Garrett 2860R-7 is broadly equivalent to a R34 N1 turbo. Garrett GT2859R-9 is the HKS GT-SS turbo. The GT-SS will give more power than the R34 N1 turbo, with a slight reduction in low RPM spool.

The wildcard option in that low 400 whp range is the HKS GT3-SS. It's a journal bearing turbo and I think online people have completely written it off as an overpriced option on the basis that it is a journal bearing turbo. But it's within a few hundred USD of the GT2859R-9 with all the bits that are included with the HKS kit like gaskets, oil lines, water lines, actuators, etc. From the dyno charts I've seen if you get the engine to flow enough at 2000 RPM using something like VCAM step 2 or maybe step 1 with 50 degree advance you can get the turbos to spool at 2500 RPM which isn't true of other turbos.

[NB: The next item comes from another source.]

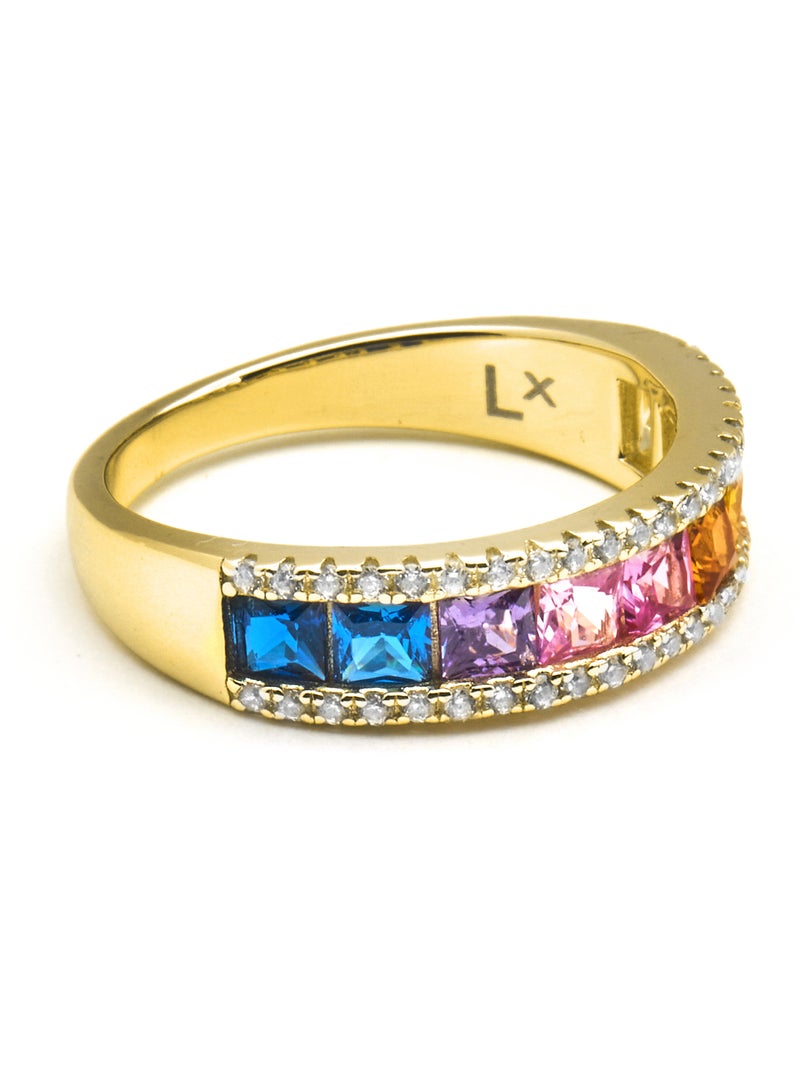 Bague Luxenter en argent sterling 925 et zircone multicolore finition or 18k - Bhaime Multicolore - Kiabi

Lends some credence to the marketing claim that it is based on modern direct injection turbos.

Edit:

Bolting on a catback exhaust should never cause problems. Same for a new air filter. The stock RB26 uses a MAF. If you change the backpressure of the exhaust and increase volumetric efficiency the ECU will automatically adapt. The important thing is to not damage the MAF with an oiled filter or a filter with poor dust filtration. Also avoid messing with the path leading up to and just after the MAF sensors. Downstream it doesn't matter as much.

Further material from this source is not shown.